Partiamo dal bonus infanzia. Questa misura, introdotta dalla legge di stabilità del 2014 e rivolta alle nuove mamme e agli asili, prevede una somma che può arrivare fino a 600 euro mensili per sei mesi spendibili in voucher per le baby sitter o per coprire le rette dell’asilo, a seconda di chi ne fa richiesta. Le richieste di accesso al bonus sono state abbastanza numerose da esaurire la somma messa a disposizione dal governo, e questa è già una buona notizia.
Quello che si vede dal rapporto è che la domanda individuale ha prevalso sulle domande da parte degli asili e a richiedere il bonus sono state soprattutto le donne residenti al Sud che ci hanno pagato in voucher le baby-sitter. Un dato interessante, questo, che sembra dirci che la misura ha centrato l’obiettivo, considerando che al Sud l’occupazione delle donne è molto più bassa e che ci sono molti meno asili.
Cerchiamo di capire quali sono stati gli effetti sull’occupazione e sul reddito delle madri occupate. Dal rapporto si evince che il bonus ha frenato l’uscita delle nuovi madri dall’occupazione. A partire dalla fine dei sei mesi di maternità obbligatoria, per chi non ha usufruito del bonus il tasso di abbandono dell’occupazione cresce in maniera sostanziosa e continua a crescere fino a superare il 20-25% a dodici mesi, mentre per quelle che hanno usufruito del bonus il tasso cresce ma si tiene sotto il 10% anche oltre i 12 mesi (figura 2). L’effetto frenante sul tasso d’uscita dal mercato del lavoro sembrerebbe dunque assai significativo.
Se però guardiamo ai beneficiari del bonus, vediamo che a usufruirne sono state soprattutto le donne scolarizzate, impiegate (quindi con occupazioni più stabili), e con redditi più alti. Le stesse che probabilmente l’intenzione di lasciare il lavoro non l’avevano comunque, bonus o non bonus. L’effetto sarebbe allora molto meno di quello che appare, trattandosi di una “selezione favorevole”. Se il provvedimento fosse stato pienamente efficace avrebbe dovuto mirare a tenere nel mercato le occupate più povere, e che invece dopo la maternità ne sono uscite.

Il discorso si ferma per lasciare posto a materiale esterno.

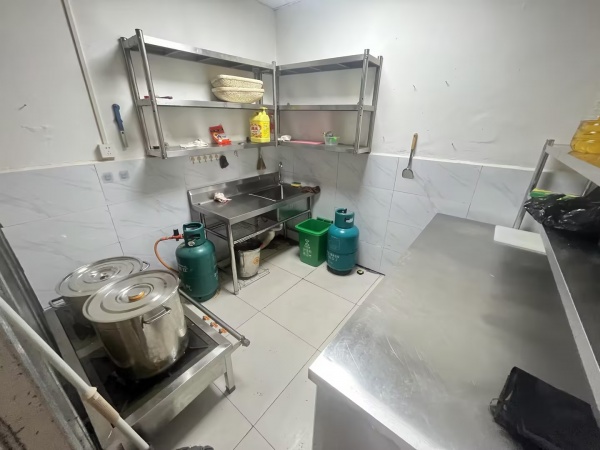 M9162 南门口地铁口附近12平小吃店优价转让 M9162 南门口地铁口附近12平小吃店优价转让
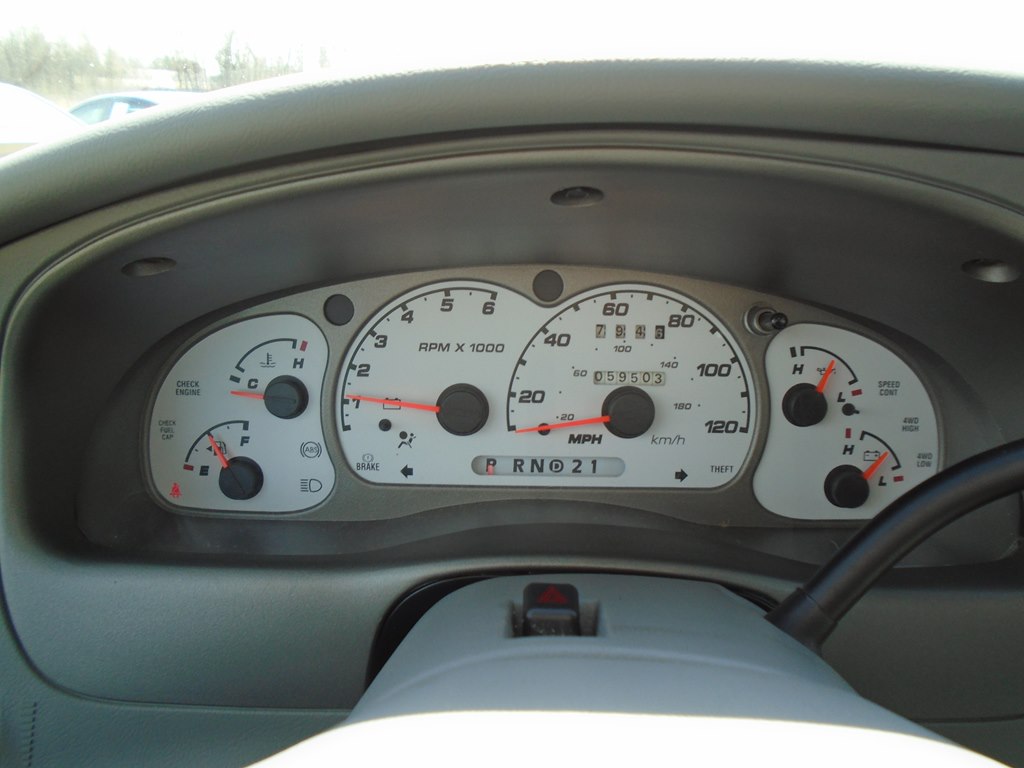 Photo 35 of this FORD EXPLORER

Stiamo comunque parlando di una misura che è poco più di un esperimento. Il rapporto non fornisce il numero dei beneficiari, ma a spanne, si tratta di una quota attorno al 5% delle nuove mamme ogni anno in media nazionale.
Se dunque si rischia di sopravvalutare l’effetto del bonus infanzia sull’occupazione, diverso è il discorso per il bonus padri, il cui impatto esce quasi sminuito dal rapporto. La misura, entrata in funzione nel 2013, prevede che i padri che prendono almeno tre mesi di congedo parentale (facoltativo) abbiano diritto al bonus di un mese in più.
Certo, i padri che chiedono il congedo facoltativo sono sempre troppo pochi – circa diecimila nel 2015- scolarizzati e prevalentemente occupati nel settore pubblico, ma in tre anni il loro numero è praticamente raddoppiato (figura3). E non è cosa da poco. Si tratta di un segnale incoraggiante e che ci fa ben sperare, anche rispetto a quelli che potranno essere gli effetti della nuova direttiva europea, ben più generosa in tema di congedi di paternità.
Il vero ostacolo rimane il settore privato non ancora disposto a rinunciare ai padri come risorse su cui poter contare sempre e comunque.